WORK ORDER: From the data that follows, copy every line with the string "Page".

ENTRIES PROVIDED:

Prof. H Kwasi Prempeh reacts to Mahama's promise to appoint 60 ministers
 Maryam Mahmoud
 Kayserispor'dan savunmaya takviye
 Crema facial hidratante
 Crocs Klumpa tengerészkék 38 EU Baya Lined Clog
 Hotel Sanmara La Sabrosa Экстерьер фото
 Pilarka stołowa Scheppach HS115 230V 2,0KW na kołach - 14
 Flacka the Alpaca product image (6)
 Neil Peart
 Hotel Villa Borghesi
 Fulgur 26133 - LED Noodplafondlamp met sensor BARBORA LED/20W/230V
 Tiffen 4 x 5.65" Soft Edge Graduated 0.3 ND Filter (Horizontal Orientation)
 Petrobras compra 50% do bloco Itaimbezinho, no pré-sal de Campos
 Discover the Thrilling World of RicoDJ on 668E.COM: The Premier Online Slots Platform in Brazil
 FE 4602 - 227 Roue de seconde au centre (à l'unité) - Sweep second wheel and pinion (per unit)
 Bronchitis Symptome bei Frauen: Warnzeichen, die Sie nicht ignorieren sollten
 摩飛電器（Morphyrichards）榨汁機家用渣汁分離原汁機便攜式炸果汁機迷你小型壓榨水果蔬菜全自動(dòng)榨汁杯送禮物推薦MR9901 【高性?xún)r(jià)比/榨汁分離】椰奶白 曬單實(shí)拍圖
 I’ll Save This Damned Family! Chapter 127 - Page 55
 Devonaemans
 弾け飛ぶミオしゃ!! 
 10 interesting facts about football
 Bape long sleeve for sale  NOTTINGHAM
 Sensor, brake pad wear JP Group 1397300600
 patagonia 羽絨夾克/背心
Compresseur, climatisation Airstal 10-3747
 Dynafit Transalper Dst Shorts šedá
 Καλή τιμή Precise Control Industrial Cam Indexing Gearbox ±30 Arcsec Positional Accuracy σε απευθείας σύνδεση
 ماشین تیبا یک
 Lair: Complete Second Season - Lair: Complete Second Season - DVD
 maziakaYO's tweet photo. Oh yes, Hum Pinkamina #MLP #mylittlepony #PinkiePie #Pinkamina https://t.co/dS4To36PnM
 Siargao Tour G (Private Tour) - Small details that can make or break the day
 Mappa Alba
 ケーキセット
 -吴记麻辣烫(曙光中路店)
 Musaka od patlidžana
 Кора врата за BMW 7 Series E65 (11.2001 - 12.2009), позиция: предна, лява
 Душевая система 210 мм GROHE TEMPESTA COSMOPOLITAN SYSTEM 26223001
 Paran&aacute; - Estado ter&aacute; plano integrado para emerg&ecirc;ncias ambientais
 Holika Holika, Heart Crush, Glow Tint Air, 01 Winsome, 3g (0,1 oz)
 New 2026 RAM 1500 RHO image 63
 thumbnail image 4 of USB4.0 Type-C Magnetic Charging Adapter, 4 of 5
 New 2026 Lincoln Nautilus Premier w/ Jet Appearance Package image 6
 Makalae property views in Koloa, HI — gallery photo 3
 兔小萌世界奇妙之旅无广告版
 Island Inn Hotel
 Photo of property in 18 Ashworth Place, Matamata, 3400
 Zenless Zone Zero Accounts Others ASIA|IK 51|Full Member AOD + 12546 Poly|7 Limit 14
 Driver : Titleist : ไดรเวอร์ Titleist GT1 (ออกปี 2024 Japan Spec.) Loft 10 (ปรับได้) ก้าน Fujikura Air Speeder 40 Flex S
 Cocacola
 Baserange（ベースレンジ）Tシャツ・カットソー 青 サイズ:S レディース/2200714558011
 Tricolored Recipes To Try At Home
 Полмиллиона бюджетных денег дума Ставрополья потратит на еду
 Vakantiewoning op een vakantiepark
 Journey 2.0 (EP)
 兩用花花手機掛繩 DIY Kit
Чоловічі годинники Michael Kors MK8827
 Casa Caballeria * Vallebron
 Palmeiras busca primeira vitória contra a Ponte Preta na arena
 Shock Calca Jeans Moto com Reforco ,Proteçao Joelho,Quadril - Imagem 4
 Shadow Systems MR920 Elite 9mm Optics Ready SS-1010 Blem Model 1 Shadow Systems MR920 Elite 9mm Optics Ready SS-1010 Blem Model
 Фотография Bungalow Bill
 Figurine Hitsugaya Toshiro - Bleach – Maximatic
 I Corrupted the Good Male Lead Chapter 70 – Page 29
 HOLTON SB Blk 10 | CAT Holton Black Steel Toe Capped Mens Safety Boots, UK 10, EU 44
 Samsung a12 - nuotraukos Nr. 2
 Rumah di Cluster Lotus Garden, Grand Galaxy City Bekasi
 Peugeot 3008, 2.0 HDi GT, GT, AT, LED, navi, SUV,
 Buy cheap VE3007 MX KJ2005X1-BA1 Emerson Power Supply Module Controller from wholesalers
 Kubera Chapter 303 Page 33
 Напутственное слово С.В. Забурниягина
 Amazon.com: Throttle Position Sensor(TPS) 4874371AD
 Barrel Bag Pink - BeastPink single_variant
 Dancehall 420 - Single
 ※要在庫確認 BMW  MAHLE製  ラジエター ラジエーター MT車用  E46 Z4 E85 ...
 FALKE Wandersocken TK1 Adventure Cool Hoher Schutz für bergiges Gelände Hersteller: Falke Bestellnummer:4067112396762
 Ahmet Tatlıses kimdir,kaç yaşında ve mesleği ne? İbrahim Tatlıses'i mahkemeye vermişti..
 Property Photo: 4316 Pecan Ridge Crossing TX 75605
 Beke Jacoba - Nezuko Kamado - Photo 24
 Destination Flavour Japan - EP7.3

TASK OUTPUT:
 I’ll Save This Damned Family! Chapter 127 - Page 55
 I Corrupted the Good Male Lead Chapter 70 – Page 29
 Kubera Chapter 303 Page 33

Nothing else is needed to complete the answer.